Editor’s Note: This article is reproduced from Xcell Journal with the kind permission of Xilinx.
The year was 1976. Disco was still popular, the Cold War was in full swing and I wouldn’t even be born for another nine years when the Cray-1 burst onto the computing scene.
Personal computing was barely in its infancy (the MITS Altair had been introduced a year earlier) at the time, and companies like Control Data Corp. and IBM dominated the high end. The Cray-1 was one of those legendary machines that helped define the term “supercomputer” in the public imagination. Its iconic C-shape structure housed a fire-breathing machine running at 80 MHz – something desktops wouldn’t reach until almost two decades later. The Cray had speed. It had style.

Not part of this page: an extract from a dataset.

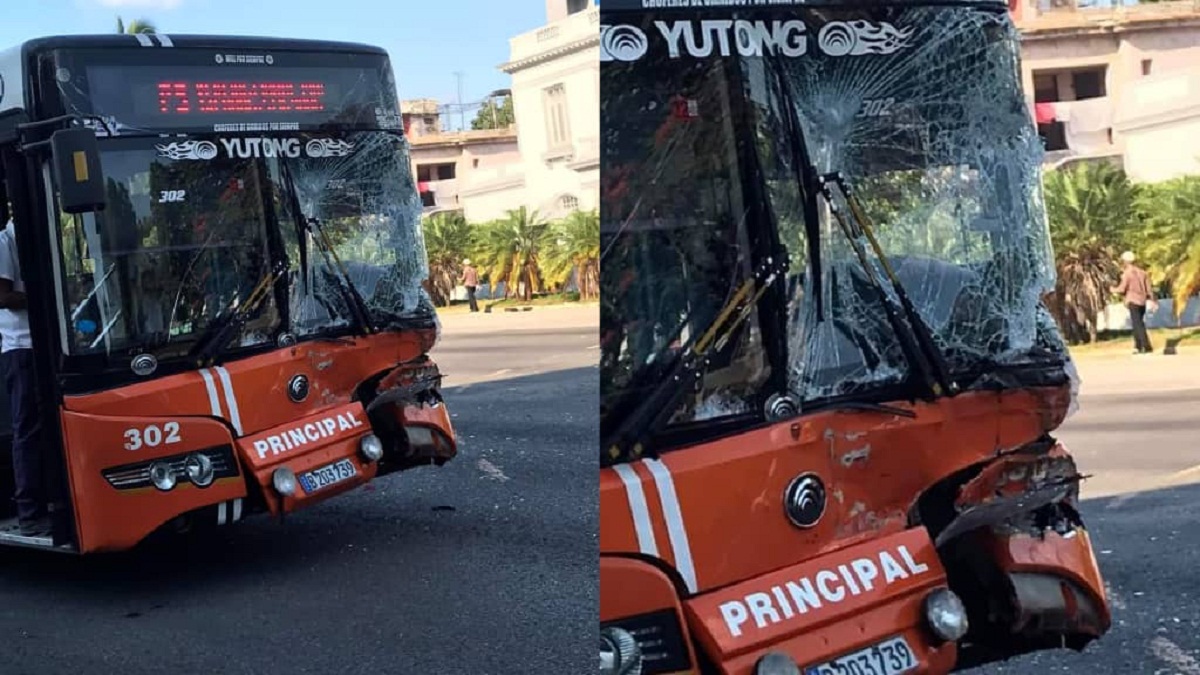 Ómnibus choca contra un camión de aguas negras en La Habana (+VIDEO)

Now let’s fast-forward 33 years, to the morning in early 2009 when I woke up and just decided I wanted to own one.
I first got into FPGA-based retro-computing, something I lovingly refer to as “computational necromancy,” shortly after graduating from the University of Southern California with a BSEE in December 2007. As a newly minted electrical engineer and all-around fan of arcane computer architectures, I saw this pursuit as the perfect excuse to improve my Verilog skills. Starting with a Digilent Spartan-3E 1200 board that I bought myself as a graduation present, my first machine was another abandoned relic of the 1980s, the NonVon-1. This was one of the first “massively parallel” machines, similar to the more successful Connection Machine series of the same vintage, although geared more toward databases. It was a wonderfully odd machine, composed of a binary tree of 8-bit processors (with 1-bit ALUs).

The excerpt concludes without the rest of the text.